20 Questions Allocators May Ask
Many allocators could ask you the same questions to get to know you, compare you with peers, and explain you to their committees. It’s best to be prepared with short and direct answers. Understanding how to answer these basic questions can help you stand out.
Investment philosophy and process
1. What’s your core belief that drives strategy?
Why it matters: Allocators want to see a philosophy that guides your decisions, so they can judge whether your results are the product of design or luck. They also need to decide if your strategy complements or duplicates what they already own.
How to respond: Instead of making a broad claim like “we are long‑term, fundamental investors,” explain the inefficiency you target and how it shows up in positions and holding periods. Tie your strategy directly to long‑run patterns in your track record.
2. How do you see your strategy fitting within our overall portfolio?
Why it matters: Allocators select managers to play roles, and sometimes to simply sit in a style box. They need to justify how you may improve their diversification profile and performance.

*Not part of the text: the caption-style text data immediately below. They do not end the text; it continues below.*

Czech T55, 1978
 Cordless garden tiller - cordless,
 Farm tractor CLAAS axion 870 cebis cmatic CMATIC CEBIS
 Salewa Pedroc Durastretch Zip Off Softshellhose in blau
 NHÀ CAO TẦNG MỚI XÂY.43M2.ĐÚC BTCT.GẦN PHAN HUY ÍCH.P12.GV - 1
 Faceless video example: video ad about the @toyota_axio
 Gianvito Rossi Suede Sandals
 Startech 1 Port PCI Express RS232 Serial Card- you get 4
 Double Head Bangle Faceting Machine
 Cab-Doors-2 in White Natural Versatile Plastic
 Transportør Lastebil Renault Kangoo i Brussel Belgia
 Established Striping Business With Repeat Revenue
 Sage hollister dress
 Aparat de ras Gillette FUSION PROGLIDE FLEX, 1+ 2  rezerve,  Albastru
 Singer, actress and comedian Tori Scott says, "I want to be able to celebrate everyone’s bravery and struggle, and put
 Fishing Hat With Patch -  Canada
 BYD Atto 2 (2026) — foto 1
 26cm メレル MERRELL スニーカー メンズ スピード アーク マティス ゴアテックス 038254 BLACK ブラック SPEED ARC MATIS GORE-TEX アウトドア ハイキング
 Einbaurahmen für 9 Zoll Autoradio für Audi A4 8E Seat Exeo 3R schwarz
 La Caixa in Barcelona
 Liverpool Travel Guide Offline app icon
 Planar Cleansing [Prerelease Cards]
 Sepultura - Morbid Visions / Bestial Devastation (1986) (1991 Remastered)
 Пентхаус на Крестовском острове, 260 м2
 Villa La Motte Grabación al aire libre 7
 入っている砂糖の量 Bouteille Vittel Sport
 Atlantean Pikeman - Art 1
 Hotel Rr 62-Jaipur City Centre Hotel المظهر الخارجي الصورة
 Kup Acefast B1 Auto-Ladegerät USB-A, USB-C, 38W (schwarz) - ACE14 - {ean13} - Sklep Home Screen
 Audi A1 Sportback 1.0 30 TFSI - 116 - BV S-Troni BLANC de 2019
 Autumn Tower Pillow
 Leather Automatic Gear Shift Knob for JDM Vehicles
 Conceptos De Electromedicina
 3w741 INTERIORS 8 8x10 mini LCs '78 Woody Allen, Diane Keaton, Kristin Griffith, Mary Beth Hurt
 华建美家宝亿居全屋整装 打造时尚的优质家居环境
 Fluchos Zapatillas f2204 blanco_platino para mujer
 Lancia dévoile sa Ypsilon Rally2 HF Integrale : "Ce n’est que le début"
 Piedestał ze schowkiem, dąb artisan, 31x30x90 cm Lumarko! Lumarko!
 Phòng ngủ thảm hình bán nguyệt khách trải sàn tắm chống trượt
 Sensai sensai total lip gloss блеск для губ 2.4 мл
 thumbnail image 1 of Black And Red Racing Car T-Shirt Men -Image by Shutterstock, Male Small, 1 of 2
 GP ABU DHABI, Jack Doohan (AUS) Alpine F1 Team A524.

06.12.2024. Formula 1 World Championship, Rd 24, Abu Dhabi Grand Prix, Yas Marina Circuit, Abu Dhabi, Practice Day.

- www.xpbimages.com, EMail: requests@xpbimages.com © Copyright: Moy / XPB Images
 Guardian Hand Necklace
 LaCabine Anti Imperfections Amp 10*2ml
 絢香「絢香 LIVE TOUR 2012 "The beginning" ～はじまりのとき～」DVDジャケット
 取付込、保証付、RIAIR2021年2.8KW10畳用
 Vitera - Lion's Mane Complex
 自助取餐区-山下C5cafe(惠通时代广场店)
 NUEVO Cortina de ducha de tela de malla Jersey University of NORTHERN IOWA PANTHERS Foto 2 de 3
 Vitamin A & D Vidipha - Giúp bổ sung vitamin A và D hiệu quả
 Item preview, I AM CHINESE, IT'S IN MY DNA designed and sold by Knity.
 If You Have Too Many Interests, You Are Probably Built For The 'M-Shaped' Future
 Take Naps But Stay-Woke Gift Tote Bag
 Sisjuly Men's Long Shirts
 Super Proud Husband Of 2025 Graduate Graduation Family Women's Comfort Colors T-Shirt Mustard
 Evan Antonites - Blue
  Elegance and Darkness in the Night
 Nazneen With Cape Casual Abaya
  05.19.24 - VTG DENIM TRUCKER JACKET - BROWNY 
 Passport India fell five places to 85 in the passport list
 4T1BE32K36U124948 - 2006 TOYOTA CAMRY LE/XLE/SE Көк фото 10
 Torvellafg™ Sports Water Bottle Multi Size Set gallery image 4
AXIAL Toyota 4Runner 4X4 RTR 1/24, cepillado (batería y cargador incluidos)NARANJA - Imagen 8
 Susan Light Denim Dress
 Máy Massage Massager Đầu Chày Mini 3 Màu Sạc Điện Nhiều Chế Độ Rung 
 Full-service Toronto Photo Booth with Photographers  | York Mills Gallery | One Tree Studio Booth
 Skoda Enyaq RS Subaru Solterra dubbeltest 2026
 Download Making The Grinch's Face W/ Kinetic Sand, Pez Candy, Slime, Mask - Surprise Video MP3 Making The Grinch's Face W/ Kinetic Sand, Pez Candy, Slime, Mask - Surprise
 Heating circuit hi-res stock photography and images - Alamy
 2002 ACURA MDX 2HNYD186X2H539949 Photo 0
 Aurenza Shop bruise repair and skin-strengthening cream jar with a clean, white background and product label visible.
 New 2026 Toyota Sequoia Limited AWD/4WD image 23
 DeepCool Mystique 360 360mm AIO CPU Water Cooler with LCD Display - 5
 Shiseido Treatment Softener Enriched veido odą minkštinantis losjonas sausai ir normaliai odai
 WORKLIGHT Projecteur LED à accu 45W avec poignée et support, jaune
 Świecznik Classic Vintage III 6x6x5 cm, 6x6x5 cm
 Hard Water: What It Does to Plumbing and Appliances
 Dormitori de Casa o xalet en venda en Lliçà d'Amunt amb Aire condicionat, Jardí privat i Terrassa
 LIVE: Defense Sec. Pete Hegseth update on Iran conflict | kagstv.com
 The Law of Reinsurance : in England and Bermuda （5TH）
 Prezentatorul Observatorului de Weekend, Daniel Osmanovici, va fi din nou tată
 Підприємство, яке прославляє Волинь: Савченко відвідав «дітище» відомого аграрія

How to respond: Explain the job your strategy can do to help them. Is your strategy best as a core portfolio, an aggressive growth driver, a downside protecter, or a specialist sleeve designed to protect a core portfolio? Show that you understand the kinds of managers they already own and how your strategy will behave next to those holdings in different kinds of markets.
3. How do you source and screen ideas?
Why it matters: Allocators don’t like surprises. They need to know where your ideas come from, what you research and why, and how you avoid style drift or one-off investment selections.
How to respond: Most managers love to talk about their process. Many can go on and on. They may have built their company on the process. While details matter to allocators, so does conciseness.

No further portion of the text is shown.